On Dec. 15, the Internal Revenue Service distributed the last of 2021's Advance Child Tax Credit (AdvCTC) payments. The monthly tally came to just more than $16 billion.

Since the $300 per child for kiddos age 5 or younger and $250 for youngsters ages 6 to 17 started going out in July, nearly $93 billion has been issued to qualifying families, according to the U.S. Treasury.

Recipients of their portions of those early billions can claim the Child Tax Credit (CTC) remainder in 2022 when they file their 2021 tax returns. For now, though, the precise $92,765,847,000 in credits that was directly deposited or mailed as paper checks during the last six months of this year is this weekend's By the Numbers figure.

In addition to the total amount disbursed, the Treasury Department also released a state-by-state breakout of December's final AdvCTC payments, along with the states' six-month cumulative credit dollar amounts.

Size and age and income matter: Obviously, the more populated states got more checks and money. And even though family size, income levels, and children's ages determined the eventual credit amounts, the state standings determined by the 2020 Census numbers held true in the AdvCTC distributions.

California, the country's most populous state, led in all AdvCTC categories this month. Golden State families representing just more than 7 million qualifying children received more than 4 million payments in December.
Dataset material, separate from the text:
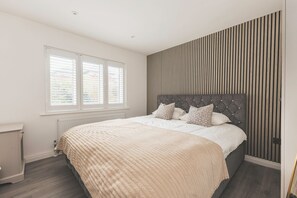 Ein Schlafzimmer mit einem Bett, einem Heizkörper, einem Fenster und einer Wand mit vertikalen Linien.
As for dollars, Californians received a cumulative total of nearly $10.6 billion in early credit payments from July through December.

Texas came in second this month — sorry, my braggy fellow Lone Star Staters — just like the state did in the latest Census. Texas' "We're Number 2" (yeah, that sounds wrong, but…) six-month total of more than $9.5 billion in AdvCTC amounts included December's 3.6 million payments to families with nearly 6.3 million eligible children.

Florida, sticking with the Census, was third, with almost 3.7 million eligible kiddos in the Sunshine State producing a total of nearly 2.3 million AdvCTC payments this month. That helped Florida's cumulative six-month total add up to almost $5.7 billion.

And New York ended 2021 with just more than 2 million December payments to families with 3.3 million youngsters, helping account for $5 billion distributed in the Empire State from July to December.

You can check out your state's (and the District of Columbia's) December AdvCTC figures in the Treasury's distribution document.